I clicked the link thinking it wasn't that. Because I know and love that book.
For those that haven't read the sequel _Lila_ , I highly recommend it also. It
goes into _what Quality actually is_ in enormous detail, how it works, the
different types and levels. While _ZAMM_ is typically concerned with
relatively simple systems (like a motorbike) and how humans interact with
them, _Lila_ is more the biological, social, societal systems humans are a
part of, anthropology/anthropologists trying to study them, and how those
systems work, how each has its own Quality.. (long story!)

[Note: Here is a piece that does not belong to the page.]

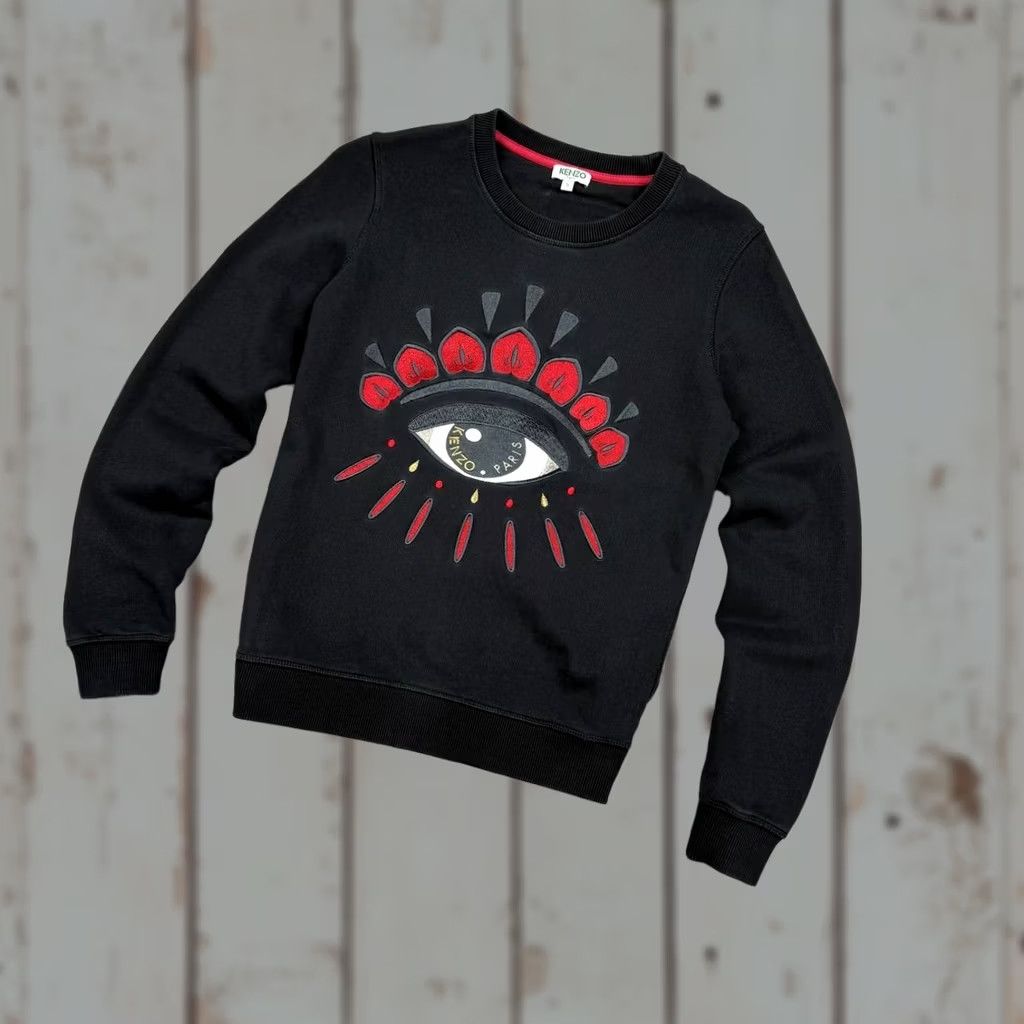 Kenzo KENZO Paris Eye Sweatshirt Women Size S Black Sweatshirt Embroidered Pullover Crew Neck All Seasons Activewear Size S / US 4 / IT 40 - 1 Thumbnail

A few years ago I read Thoreau's _A Week on the Concord and Merrimack Rivers_
(1849) and was immediately struck by, well, the form is _exactly_ the same as
Pirsig's books - nature/observation writing interspersed with slabs of
philosophical/theoretical. _Lila_ is even mostly set on a boat going down a
river also. Thoreau probably does both styles better, but Pirsig has a focused
theme - 'has something to say'. So if you like Pirsig, you'll love Thoreau's
travel books.

------
fallingfrog
Pretty good description of what debugging code is like, too.